Small wonder, then, that consumers are reducing their credit card debt by paying down balances. And they’re avoiding those increased credit card rates by turning to alternative payment methods.
Are Debit Cards Better?
But should you follow suit? Debit cards, for example, seem to have just as many highly expensive traps for the unwary as credit cards are.
The Center for Responsible Lending (CRL) has been campaigning against high overdraft fees for some years. And it points out that 46 percent of all overdrafts are triggered by debit card rather than credit card use.
Keep on Debiting
In the old days, your bank would decline a transaction if you had insufficient funds to cover it. Now, without giving you any warning, it allows the purchase, and charges you a substantial fee. The CRL found one student who’d made seven small purchases on his debit card when he hadn’t realized he was overdrawn. The total value of all seven transactions was $16.55. The total value of the charges levied by his bank for those purchases was $245.
And, as a recent New York Times editorial pointed out: “Credit card companies, for example, were rightly criticized when some drove up interest rates to 30 percent or more. According to a 2008 study by the FDIC, overdraft fees for debit cards can carry an annualized interest rate that exceeds 3,500 percent.”
Even a payday loan would be cheaper. But, for a more reasonable comparison, earlier this month, indexcreditcards.com reported on credit card fees. It found that the average credit card late fee is $34.35, while the average over-the-limit fee is $36.74.

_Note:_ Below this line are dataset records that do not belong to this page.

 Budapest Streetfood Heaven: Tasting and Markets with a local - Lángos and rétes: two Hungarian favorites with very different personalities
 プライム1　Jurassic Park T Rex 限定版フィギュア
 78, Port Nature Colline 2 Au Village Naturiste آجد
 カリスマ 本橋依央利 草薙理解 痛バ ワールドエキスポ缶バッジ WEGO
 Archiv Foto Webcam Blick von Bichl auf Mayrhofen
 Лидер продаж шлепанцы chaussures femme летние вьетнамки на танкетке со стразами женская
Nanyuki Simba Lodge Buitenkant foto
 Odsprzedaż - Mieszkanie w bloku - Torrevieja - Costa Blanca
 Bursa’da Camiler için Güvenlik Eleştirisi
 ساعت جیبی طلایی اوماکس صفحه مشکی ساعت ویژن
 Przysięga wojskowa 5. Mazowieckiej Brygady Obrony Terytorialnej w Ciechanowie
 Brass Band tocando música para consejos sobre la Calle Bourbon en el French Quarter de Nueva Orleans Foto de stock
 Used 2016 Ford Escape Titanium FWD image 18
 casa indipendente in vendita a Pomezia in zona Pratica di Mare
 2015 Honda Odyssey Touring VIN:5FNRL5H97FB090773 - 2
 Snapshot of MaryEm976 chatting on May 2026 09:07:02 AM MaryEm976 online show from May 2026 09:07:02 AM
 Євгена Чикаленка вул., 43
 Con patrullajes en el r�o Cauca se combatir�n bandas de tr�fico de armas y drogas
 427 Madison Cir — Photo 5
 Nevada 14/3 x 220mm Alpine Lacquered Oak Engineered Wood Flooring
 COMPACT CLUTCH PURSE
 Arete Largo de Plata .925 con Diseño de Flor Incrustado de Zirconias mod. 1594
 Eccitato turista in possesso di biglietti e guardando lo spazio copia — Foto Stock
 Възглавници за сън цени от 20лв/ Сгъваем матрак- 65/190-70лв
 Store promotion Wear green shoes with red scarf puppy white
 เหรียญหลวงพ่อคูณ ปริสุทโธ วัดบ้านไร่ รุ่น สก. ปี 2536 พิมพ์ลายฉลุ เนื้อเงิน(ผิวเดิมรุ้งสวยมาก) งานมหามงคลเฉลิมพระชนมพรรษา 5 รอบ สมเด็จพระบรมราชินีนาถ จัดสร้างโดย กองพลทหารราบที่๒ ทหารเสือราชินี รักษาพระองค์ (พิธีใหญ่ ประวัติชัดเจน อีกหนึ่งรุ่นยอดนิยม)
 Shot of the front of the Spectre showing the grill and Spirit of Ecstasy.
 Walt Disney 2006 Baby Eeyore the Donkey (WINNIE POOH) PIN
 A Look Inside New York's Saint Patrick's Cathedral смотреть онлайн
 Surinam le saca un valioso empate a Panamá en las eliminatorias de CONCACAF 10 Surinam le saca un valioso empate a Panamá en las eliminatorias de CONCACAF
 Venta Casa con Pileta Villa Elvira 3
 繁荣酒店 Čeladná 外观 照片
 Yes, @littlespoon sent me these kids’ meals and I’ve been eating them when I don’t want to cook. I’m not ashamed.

Credit Card or Prepaid Card?
You’d think that prepaid credit cards (they’re really prepaid debit cards) would be a cheap option. But that’s not necessarily so.
You can pay up to $99 just to activate the card. And after that there can be fees for just about everything: monthly fees, transaction fees, ATM fees, and balance enquiry fees. One man was so shocked by how much his prepaid card was costing him that he went back to the store to complain. There he was presented with a list of more than 24 different types of fees and charges for which he had unknowingly signed up.
It’s Who You Are, Not How You Spend
The CRL did research back in 2005, well before the credit crunch. It found that more than 70 percent of the $10.3 billion charged in overdraft loan fees that year had been paid by “…chronic borrowers, living on the margins of solvency.”
If you’re a member of that group, then you almost certainly ended up paying a great deal no matter which payment method you choose. But, if you’re not–if you are good at managing money and disciplining yourself financially–then the opposite is true.
So why not just stick with the credit card you know?